According to the filmmaker, the original idea was a documentary about Barrie Wentzell, the photographer who helped change rock and roll photography and gave Melody Maker a unique identity. Coles had met Wentzell in 1996 in Toronto, about 7 years after he had emigrated from England to Canada. He would regale Coles and others with the stories behind his photos, which ultimately inspired the documentary.
“I didn’t know Melody Maker magazine, but Barrie kept saying you have to go to England and talk to my mates - talk to the journalists,” explained Coles. “So, the film grew from an intimate artist portrait into a much bigger picture after I came back from England.”
Thanks to the change in focus, the film became a much bigger story; several stories in fact. There’s the story of Barrie Wentzell and his wonderful photographs; the journey of the magazine as it morphed from a rather stodgy trade magazine into an exciting rock and roll magazine of the sixties; and an examination of the music industry as a whole and the many changes it has gone through. She captures this evolutionary period in the history of rock n’ roll via interviews with journalists, musicians, and others who worked behind the scenes. Some of the artists in the film include Ian Anderson (Jethro Tull), Eric Burdon (The Animals), Dave Cousins (The Strawbs), and members of Yes, Nazareth, and The Jam. The film took 10 years to complete.
This film is an absolute treat, but you don’t have to be a music journalist or a photographer to love Melody Makers. You’ll see amazing photographs, hear incredible stories, and learn nuggets about the music industry that might surprise you. Above everything else, you’ll see how this magazine changed music. From the famous bands who found musicians in the magazine’s classified ads to Jann Wenner using the magazine as inspiration for Rolling Stone.
Personally, I loved seeing Barrie’s black and white photos. For me, there’s nothing like a sharp black and white concert photo. It’s like watching a film noir; A black and white photo loses some of its magic and mystery when showed in color. In Melody Makers, Coles has some great color photos, but doesn’t shy away from the black and white shots either.
“Barrie shot predominately in black and white,” explained Coles. “I wanted to stay true to that and honor that. There were a lot of color images available to me, but I chose not to use them. No one has complained about the lack of color, but someone in the industry did say,’ you know, he did shoot color!’”
My favorite parts involved seeing a bunch of music lovers who had the freedom to write about artists they had just seen the night before in a club. They didn’t have record labels or publishers pressuring them to put the most famous acts on the cover. They could put unknown acts there if they thought the artist was worthy. Essentially, Melody Maker wrote about the artists they felt people should know about rather than simply cover the artists their audience already knew about. And this practice helped the magazine break bands, which brought both credibility and respect throughout the industry.
It also led to close relationships with many artists. Writers were often trusted with secrets.
“It was a time when confidences were kept,” said Coles. “And that all changed in the mid-70s with the advent of punk.

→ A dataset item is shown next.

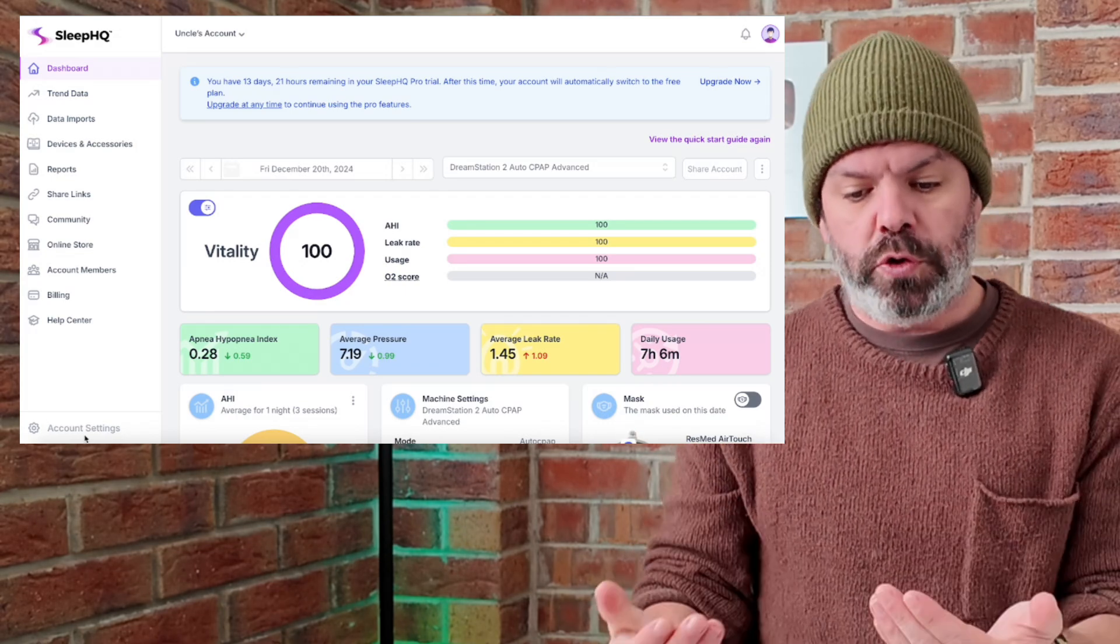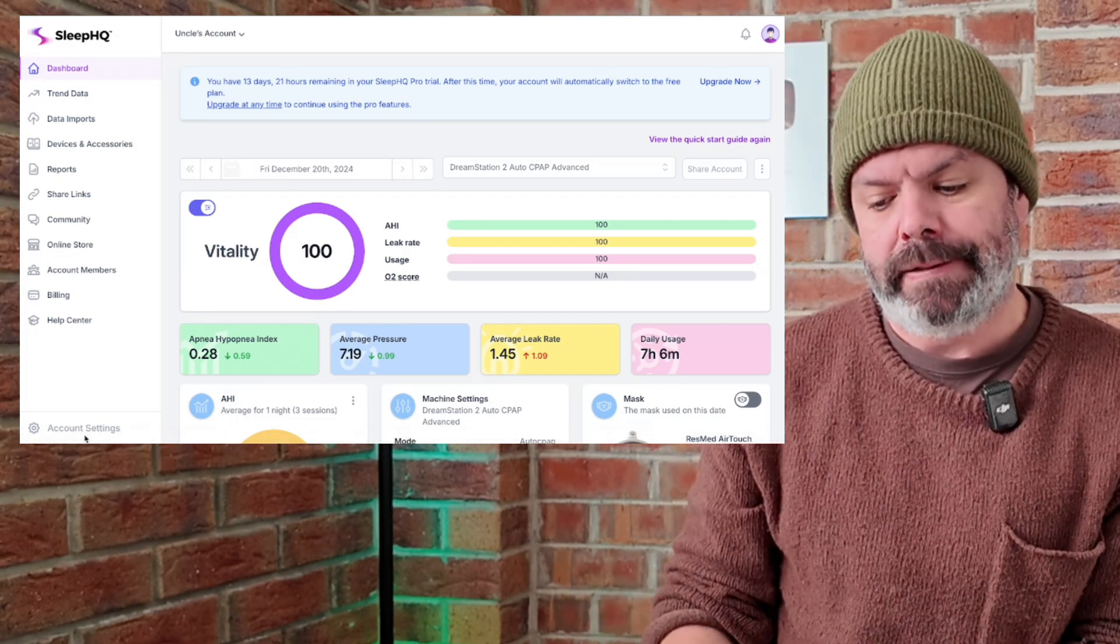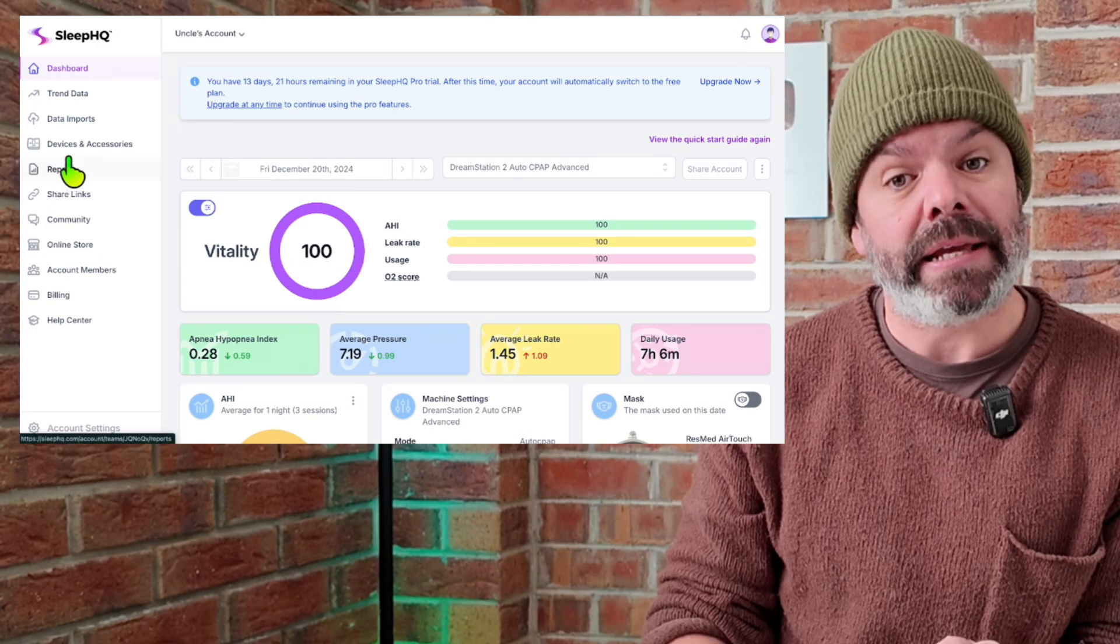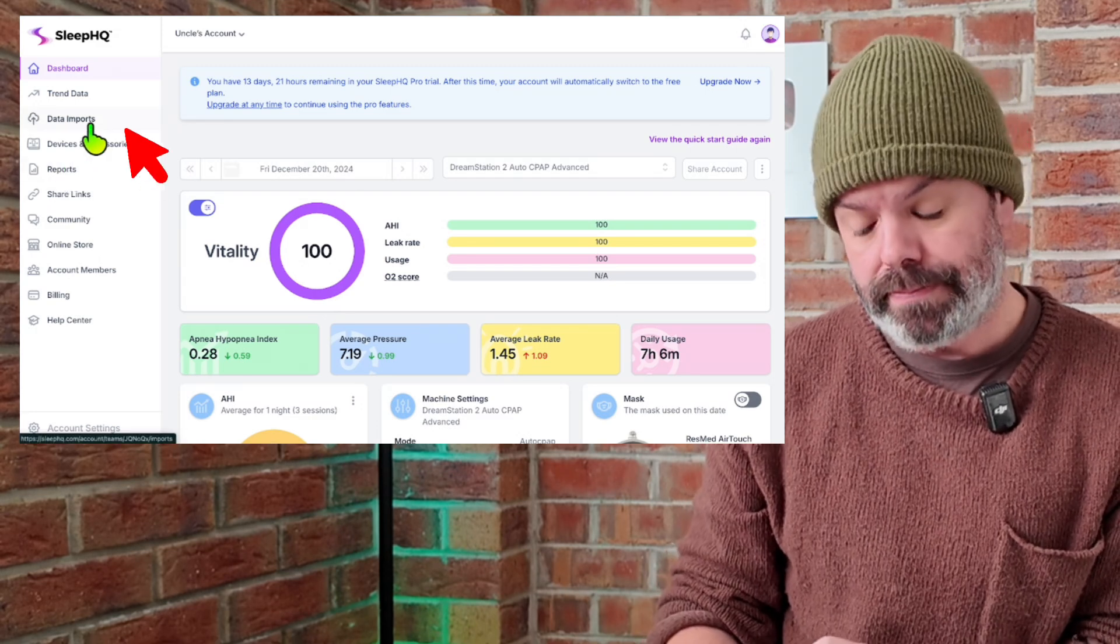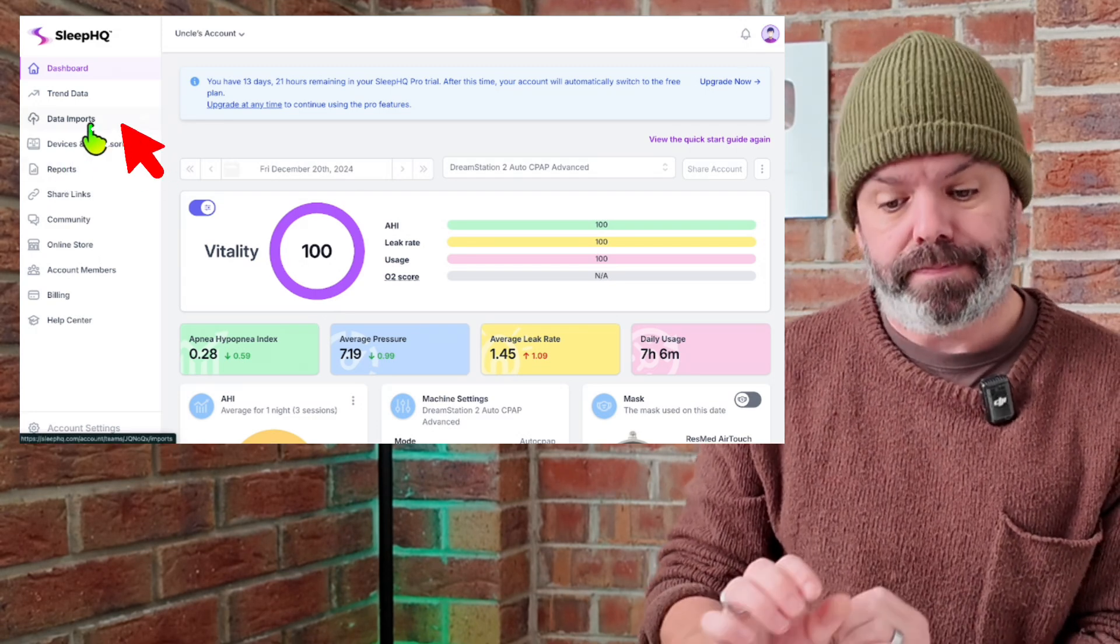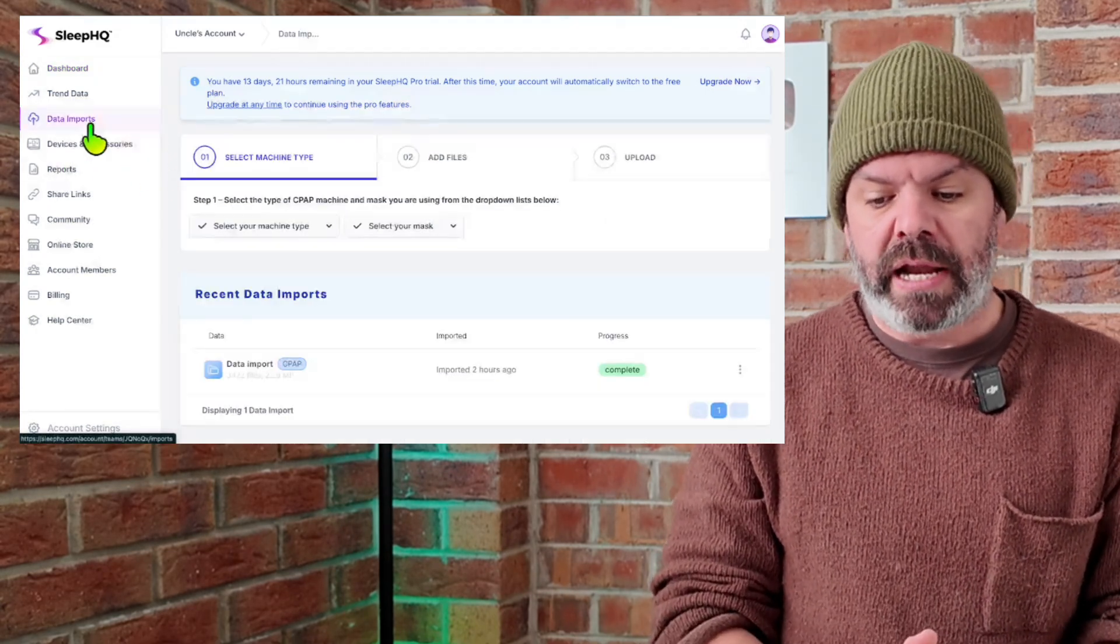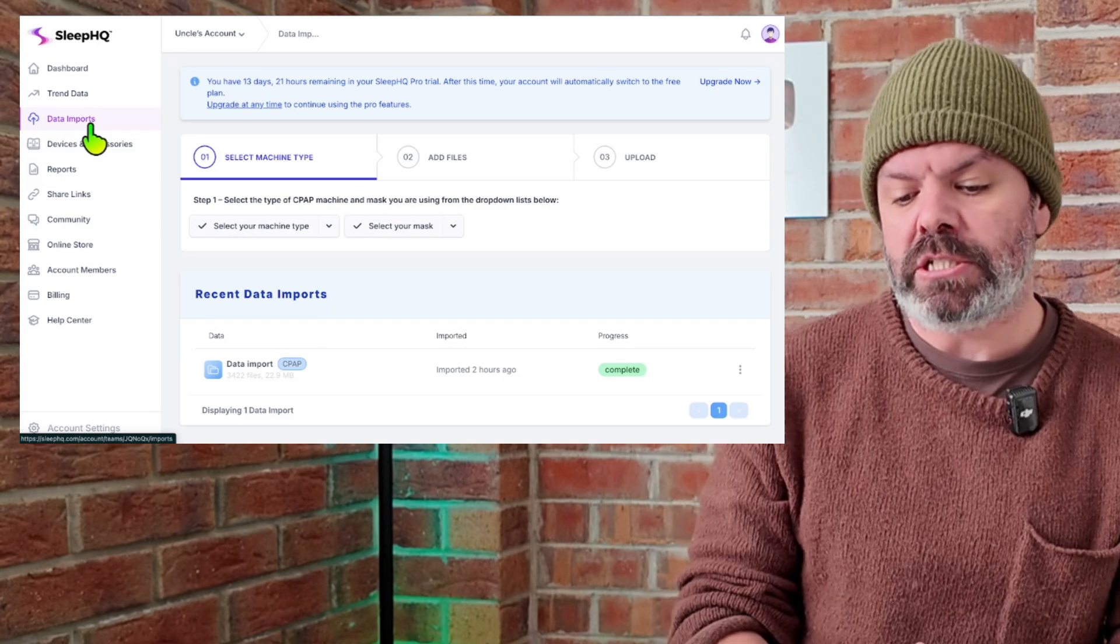Now when you join, you'll come over here to Data Imports. We'll visit the Data Imports page.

They hated the establishment and Melody Maker sort of represented that.”
The era of punk and an aging staff started a long downward spiral with the magazine. The staff found themselves becoming older and older than the artists they covered. Some began having families; some couldn’t adapt to changing music styles; and some - like Barrie - felt it was time to leave the party.
“He had put in ten years (1965-1975),” recalled Coles. “He’d seen a lot of people he loved die; people like Marc Bolan and Jimi Hendrix. He called them the casualties of rock and roll. I think that was hard on him.”
This film is fascinating for the music fan and Coles says it was completely designed for the big screen where the photos truly pop. The film will be screened at New Jersey Film Festival (held on the Rutgers campus in New Brunswick) on Sunday, September 17 at 7:00pm. Coles will be on hand for a Q&A following the film.
In addition to filmmaking, Coles runs her own film festival in Toronto. She is the founder of Female Eye Film Festival, Canada’s annual competitive international independent women director’s film festival. The Female Eye embraces the visual arts and script writing and engages actors, musicians, and a broad variety of performers to bridge the gap between the arts. The inspiration for the festival came from the experiences Coles had after hitting the festival circuit with her first film.
“I happened to notice that there weren’t a lot of women at these international film festivals and it raised questions with me,” she explained. “Are there so few women directors? Or are our films not getting seen? And whenever there’s a question, I want an answer so I held an event in Toronto in 2001. We showed 42 films and invited many Americans who I met at festivals. I just noticed women were a minority among the directors and that sort of begat the Female Eye. We just celebrated our 15th edition of the festival in June.”